Sun 30 Jul 2023 20:48
We managed to do a couple of days rock climbing and caving on Makatea. It was really special, over 100 sport climbing routes, not a soul in sight. Beautiful limestone cliffs reaching up from the coral reefs 100m high to the table top plateau. There was also an amazing but fairly terrifying via ferrata which we braved and loved.
We met some really nice folk who showed us around and took us into the huge cave system with crystal clear water that you can dive down further than your torch could reach. Most of this system is still yet to be explored by divers.
We had a good look around the old mining town, the remains of unbelievable infrastructure. Essentially they hand dug holes down into the rocks across the island to harvest the phosphate. There are over a million holes, some up to 40m deep. There were old railways, steam trains and massive machinery just left to decay. The old town has almost all been reclaimed by the jungle. The old photos show an enormous iron bridge with a crane that stretched out to sea in order to load the ships whilst they were tied to a buoy. It was clearly impossible to built a proper dock.
On the second day we got dropped off at the climbing route on the NE side and left with a couple of bikes to cycle back to the boat on. The rock had formed this natural terrace below the main walls for which you could walk along above the crashing waves. A truly special place to climb.
We set off the next day for Tahiti about 125nm to the SW. we were slow with the wind on the beam and not having access to the main sail. We eventually arrived around midday, and then our next problem occurred. We turned the engine on, started fine and then the revs kept dropping, suggesting a fuel problem. We cleaned out the stand pipe, there was some muck in it so we presumed that to be the problem, but it wasn’t. As we were drifting closer to the coral reefs of Tahiti we decided to bypass the fuel system and connect the proximal most fuel pipe to a jerry can of diesel to get us in through the reefs and to safety. That seemed to work fine so there must have been a fuel problem somewhere along the line.
We headed into marina Papette which weren’t really answering the radio but there were loads of spaces so we just went in and tied up. About 20seconds later an enormous catamaran turned up and said we were in his space! So off we went to the other marina about 5 miles away. They were also full but the riggers who we had booked in with sorted us a mooring for the next day so we dropped the hook just outside the marina.
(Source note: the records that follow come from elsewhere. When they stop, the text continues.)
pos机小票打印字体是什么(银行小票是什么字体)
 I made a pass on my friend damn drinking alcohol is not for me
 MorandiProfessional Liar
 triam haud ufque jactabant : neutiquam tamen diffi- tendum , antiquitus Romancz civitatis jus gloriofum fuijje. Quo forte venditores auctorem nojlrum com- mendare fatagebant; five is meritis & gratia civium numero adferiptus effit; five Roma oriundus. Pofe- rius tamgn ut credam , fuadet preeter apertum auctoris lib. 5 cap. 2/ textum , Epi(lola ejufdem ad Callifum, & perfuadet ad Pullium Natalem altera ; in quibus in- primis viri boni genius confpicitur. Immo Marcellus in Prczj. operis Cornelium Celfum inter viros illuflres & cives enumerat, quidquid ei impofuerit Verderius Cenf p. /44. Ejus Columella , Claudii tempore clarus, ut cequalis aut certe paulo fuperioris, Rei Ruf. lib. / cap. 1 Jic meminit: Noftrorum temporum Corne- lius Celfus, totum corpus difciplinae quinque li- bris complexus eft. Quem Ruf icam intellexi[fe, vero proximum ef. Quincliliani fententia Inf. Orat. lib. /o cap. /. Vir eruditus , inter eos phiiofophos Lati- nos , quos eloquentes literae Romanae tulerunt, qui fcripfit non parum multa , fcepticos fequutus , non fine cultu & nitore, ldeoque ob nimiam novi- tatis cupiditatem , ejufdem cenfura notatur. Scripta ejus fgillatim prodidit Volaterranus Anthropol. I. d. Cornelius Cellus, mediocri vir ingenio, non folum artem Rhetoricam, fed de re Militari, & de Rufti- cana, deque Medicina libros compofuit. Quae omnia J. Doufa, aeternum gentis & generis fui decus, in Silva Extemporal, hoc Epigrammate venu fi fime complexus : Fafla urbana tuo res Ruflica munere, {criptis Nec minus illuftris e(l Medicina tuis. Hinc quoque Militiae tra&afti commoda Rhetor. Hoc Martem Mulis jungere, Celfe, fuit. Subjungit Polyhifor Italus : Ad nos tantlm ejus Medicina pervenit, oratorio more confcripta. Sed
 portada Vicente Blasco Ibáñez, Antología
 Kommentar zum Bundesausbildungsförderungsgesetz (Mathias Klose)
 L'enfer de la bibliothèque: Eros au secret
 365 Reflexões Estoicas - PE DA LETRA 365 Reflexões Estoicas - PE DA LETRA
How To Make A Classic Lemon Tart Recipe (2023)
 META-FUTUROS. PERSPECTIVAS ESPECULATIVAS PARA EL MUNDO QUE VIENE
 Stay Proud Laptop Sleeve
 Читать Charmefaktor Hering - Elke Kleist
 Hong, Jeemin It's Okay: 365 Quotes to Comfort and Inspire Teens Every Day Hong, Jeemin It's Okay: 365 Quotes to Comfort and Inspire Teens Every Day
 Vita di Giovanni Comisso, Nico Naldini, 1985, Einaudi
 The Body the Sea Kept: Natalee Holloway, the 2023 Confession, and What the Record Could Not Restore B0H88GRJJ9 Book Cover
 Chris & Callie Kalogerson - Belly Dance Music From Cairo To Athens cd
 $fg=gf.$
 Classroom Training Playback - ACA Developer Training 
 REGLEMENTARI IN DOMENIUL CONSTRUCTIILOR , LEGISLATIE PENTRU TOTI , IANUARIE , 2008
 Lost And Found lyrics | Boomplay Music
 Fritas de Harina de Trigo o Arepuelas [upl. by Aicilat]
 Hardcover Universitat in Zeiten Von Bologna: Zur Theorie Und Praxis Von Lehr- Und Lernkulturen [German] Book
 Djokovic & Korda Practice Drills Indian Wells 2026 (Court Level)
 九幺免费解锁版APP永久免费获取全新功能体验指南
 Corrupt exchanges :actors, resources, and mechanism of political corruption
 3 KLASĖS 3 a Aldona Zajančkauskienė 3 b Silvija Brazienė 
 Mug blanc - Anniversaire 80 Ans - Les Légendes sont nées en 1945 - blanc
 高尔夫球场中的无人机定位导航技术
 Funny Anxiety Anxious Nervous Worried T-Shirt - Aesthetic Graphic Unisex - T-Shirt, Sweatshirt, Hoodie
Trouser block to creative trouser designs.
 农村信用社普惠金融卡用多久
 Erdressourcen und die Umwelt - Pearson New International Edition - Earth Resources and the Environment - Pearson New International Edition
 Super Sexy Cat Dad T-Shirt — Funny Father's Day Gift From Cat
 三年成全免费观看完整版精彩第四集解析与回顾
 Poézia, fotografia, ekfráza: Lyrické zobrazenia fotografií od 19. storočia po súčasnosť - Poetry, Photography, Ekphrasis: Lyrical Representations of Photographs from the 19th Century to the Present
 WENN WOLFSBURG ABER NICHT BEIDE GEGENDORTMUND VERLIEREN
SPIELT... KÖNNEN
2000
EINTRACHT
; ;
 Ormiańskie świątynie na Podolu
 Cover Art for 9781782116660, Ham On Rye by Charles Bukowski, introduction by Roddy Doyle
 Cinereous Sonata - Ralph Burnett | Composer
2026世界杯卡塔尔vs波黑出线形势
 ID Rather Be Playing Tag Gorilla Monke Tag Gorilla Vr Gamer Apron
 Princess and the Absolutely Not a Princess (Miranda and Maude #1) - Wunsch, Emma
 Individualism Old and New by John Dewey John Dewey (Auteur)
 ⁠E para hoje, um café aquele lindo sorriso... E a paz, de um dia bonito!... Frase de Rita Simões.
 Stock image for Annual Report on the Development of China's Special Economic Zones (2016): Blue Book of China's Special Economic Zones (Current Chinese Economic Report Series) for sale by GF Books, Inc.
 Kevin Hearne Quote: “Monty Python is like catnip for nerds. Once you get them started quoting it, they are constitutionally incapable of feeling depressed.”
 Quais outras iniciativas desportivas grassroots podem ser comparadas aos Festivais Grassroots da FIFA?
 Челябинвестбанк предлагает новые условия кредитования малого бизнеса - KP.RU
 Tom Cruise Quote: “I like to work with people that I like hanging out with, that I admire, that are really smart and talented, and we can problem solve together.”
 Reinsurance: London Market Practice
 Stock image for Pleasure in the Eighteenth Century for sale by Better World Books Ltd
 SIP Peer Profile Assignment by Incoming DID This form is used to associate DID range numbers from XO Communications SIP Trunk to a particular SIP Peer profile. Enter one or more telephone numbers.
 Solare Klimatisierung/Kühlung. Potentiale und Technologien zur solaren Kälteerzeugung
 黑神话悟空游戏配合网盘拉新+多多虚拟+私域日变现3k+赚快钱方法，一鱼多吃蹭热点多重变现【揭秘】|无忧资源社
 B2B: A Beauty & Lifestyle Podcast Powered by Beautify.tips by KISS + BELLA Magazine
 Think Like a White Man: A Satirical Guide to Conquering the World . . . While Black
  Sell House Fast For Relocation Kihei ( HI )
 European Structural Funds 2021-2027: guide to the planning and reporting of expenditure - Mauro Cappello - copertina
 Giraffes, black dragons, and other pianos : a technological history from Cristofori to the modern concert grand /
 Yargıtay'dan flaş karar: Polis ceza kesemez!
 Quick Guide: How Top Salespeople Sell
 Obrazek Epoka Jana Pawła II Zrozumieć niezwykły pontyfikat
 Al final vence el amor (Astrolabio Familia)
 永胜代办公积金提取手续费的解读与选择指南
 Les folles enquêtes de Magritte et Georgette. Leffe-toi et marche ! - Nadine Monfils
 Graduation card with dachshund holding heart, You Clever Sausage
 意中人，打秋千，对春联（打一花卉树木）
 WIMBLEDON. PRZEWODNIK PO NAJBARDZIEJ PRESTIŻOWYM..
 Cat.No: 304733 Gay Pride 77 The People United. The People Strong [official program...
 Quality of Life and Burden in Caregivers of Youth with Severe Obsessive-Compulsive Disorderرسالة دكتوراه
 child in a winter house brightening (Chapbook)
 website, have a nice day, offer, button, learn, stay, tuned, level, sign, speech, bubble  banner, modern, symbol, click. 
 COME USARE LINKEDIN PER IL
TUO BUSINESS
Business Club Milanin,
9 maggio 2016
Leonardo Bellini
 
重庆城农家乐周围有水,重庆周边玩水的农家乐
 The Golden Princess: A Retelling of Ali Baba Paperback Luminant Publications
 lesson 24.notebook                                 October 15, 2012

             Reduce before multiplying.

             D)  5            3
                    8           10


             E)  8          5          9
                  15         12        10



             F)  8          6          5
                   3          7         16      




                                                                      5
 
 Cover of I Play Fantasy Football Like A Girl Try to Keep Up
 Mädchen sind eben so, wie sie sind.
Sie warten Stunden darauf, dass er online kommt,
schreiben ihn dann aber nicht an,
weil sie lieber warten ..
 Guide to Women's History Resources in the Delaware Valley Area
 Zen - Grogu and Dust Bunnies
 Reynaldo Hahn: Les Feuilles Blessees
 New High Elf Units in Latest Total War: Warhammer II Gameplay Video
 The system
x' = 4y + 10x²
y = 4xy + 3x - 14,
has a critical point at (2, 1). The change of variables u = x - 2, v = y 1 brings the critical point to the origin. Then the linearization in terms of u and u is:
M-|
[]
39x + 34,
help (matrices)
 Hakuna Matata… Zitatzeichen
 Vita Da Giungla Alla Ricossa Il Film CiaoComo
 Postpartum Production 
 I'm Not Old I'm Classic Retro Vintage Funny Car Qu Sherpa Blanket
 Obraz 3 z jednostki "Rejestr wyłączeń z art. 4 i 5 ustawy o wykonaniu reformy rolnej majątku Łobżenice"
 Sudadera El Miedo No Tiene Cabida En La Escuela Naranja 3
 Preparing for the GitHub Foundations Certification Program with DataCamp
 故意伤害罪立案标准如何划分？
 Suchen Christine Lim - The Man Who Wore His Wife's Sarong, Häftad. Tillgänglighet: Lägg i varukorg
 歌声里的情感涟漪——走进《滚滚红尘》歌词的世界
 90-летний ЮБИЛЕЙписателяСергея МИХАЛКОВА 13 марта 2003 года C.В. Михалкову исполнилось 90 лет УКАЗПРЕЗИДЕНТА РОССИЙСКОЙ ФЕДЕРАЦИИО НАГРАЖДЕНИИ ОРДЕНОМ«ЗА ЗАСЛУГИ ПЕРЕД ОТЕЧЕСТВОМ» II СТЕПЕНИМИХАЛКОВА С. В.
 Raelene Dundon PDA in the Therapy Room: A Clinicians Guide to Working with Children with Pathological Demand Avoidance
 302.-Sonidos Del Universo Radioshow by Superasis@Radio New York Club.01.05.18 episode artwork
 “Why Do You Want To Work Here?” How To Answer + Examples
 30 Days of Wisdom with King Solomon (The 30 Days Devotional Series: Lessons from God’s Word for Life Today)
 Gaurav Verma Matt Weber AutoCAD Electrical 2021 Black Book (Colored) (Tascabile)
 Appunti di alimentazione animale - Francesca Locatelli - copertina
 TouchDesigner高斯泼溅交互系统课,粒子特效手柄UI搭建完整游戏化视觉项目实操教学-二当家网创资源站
Exhausted and deflated with yet another thing to fix, we decided to go ashore for what would be the first proper civilised bar/restaurant in months. Delicious cold IPA on tap and pizzas went down a treat!
The next morning we tied up along side in the marina, the first since Panama. It felt very strange just stepping off the boat onto land. The riggers were there to greet us and had the rig checked, tuned and the D1’s replaced by lunch time. Really great guys! So now with the mast secured we had to tackle the fuel problem.
We took the whole system apart, blew and sucked fuel through every pipe until we felt it was good. We ran it up for a while and all seemed well again.
The next day we did some towing with the foils in a wave outside one of the passes and then headed into town on the bus. We collected the parts for the autohelm, picked up the old alternator, dropped off the CO2 can to be filled and had a really nice lunch in a typical French restaurant.
The next morning we headed off to go around the SE of the island. Urrgh…the same symptoms again as we motored out! We went back alongside and a nice guy called Luc who was fixing Bens paddle came by to take a look. We have always been suspicious that the fuel pump wasn’t really pulling fuel through fast enough. So we decided to bypass that by connecting a hose to fuel and feed it by gravity…bingo, that worked, so it was most likely the fuel pump.
We took it off and opened it up and there sat a little fuel filter which was as black as the night. We put it back together without the filter and hey presto!
The trouble is that we can’t source one of these filters on the island so it’ll require a bit more head scratching. We do have a Racor filter before the pump and the main engine filter after so we hope that’s enough for now.
Confident at last that we’d worked out the problem, we set off the next day for the SE in less favourable conditions. There was absolutely no wind in the Lee of the island but as we rounded the SW corner we suddenly had 25kts and a big swell on the nose with 15miles left to go and a difficult pass to navigate. We decided to turn around and anchor inside another pass for the night in Baie de Maraa. A delightful spot, we were the only boat there, totally flat calm with not a breath of wind.
Here we fixed the autohelm, hurrah and serviced one of the winches, after we’d done some tow foiling of course.
Think we’ll ditch the plan for the SE and head over to the island of Moorea tomorrow which is 20nm to the NW whilst we await the delivery of our new alternator and various other bits.